Importing spectrum identification results

A percolator tab separated file can be imported by using the function maspy.reader.importPercolatorResults(), the imported Sii elements are then added to the SiiContainer instance passed to the function.

import maspy.core
import maspy.reader

siiContainer = maspy.core.SiiContainer()
maspy.reader.importPercolatorResults(siiContainer, 'filelocation/out.tsv',
                                     'specfile_name_1', 'psmEngine')

If necessary, spectrum attributes can be added from the MsrunContainer by using the function SiiContainer.addSiInfo. This adds the selected attributes to all Sii elements of the specified specfiles.

import maspy.core
import maspy.reader

mzmlfilepath = 'filedirectory/specfile_name_1.mzML'
msrunContainer = maspy.core.MsrunContainer()
maspy.reader.importMzml(mzmlfilepath, msrunContainer)

siiContainer.addSiInfo(msrunContainer, specfiles='specfile_name_1',
                       attributes=['obsMz', 'rt', 'charge']
                       )

It is also possible to calculate the exact mass for all Sii elements of the specified specfiles by using the function SiiContainer.calcMz(). The calculated mass to charge ratio is written to the attribute .excMz.

siiContainer.calcMz(specfiles='specfile_name_1')
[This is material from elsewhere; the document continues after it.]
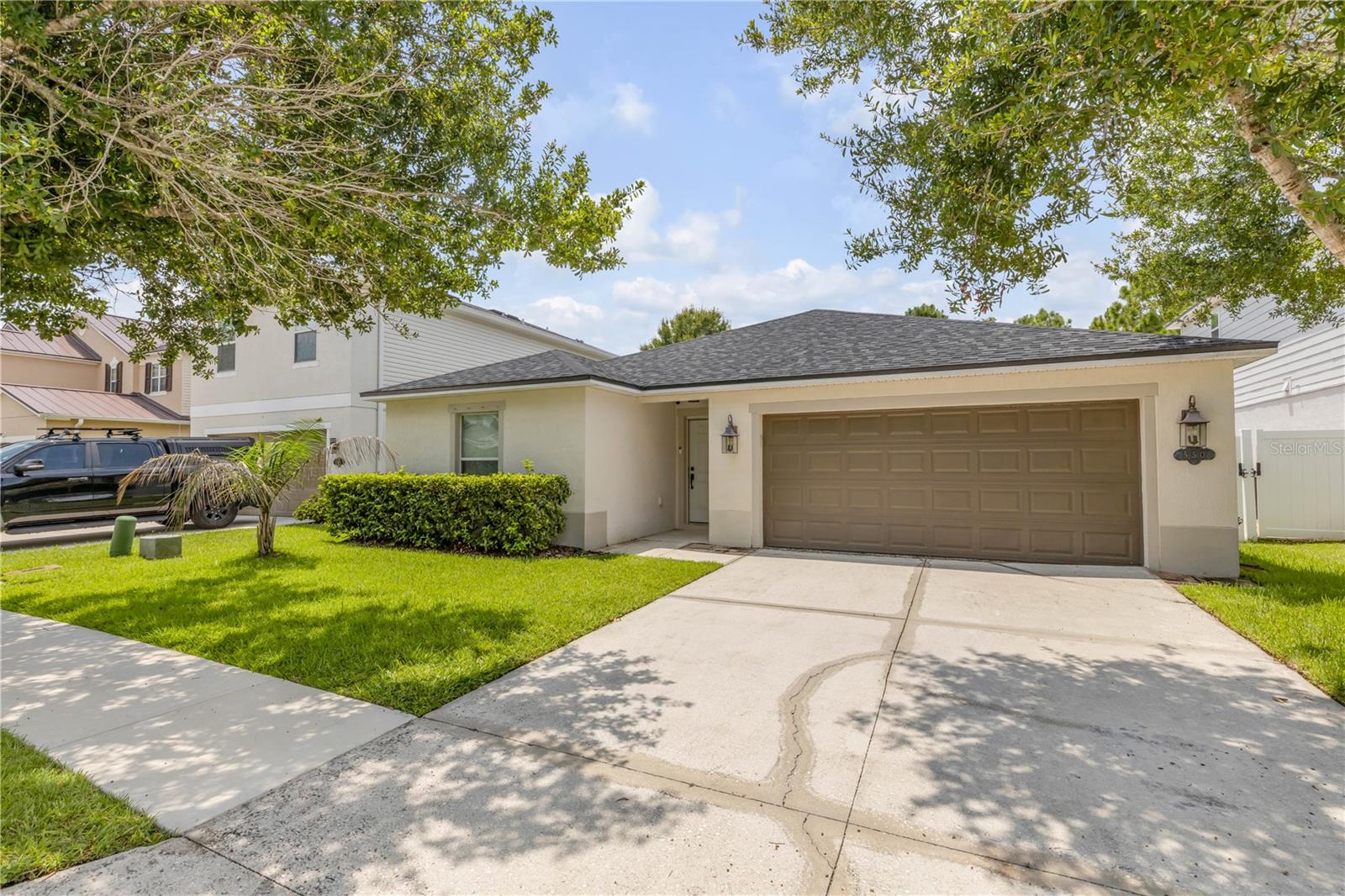 550 AEOLIAN DR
Accessing data stored in a SiiContainer

There are multiple ways how to access single Sii elements stored in a SiiContainer. The method SiiContainer.getValidItem() can be used to directly access Sii which .isValid argument is True by using its specfile and identifier. If no such Sii exists for the specified identifier None is returned. In this example there is a valid entry for the identifier ‘10’, but not for ‘11’.:

>>> sii = siiContainer.getValidItem('specfile_name_1', '10')
>>> sii.isValid
True
>>> sii == None
False
>>> sii = siiContainer.getValidItem('specfile_name_1', '11')
>>> sii == None
True

It is possible to access all Sii elements of a given identifier by directly accessing the container SiiContainer.container. In this example, there are multiple Sii elements present for the same spectrum, but only one is valid.

>>> siiContainer.container['specfile_name_1']['10']
[<maspy.core.Sii at 0xb354a90>,
 <maspy.core.Sii at 0xb354c50>,
 <maspy.core.Sii at 0xb354b38>]
>>> for sii in siiContainer.container['specfile_name_1']['10']:
>>>     print(sii.id, sii.rank, sii.isValid)
10 1 True
10 2 False
10 3 False

By using the function SiiContainer.getItems() it is possible to iterate over all Sii elements present in the SiiContainer. Multiple arguments can be passed to the function that allow selecting only a specific subset of items but also to return the items in a sorted order. For details consult the docstring.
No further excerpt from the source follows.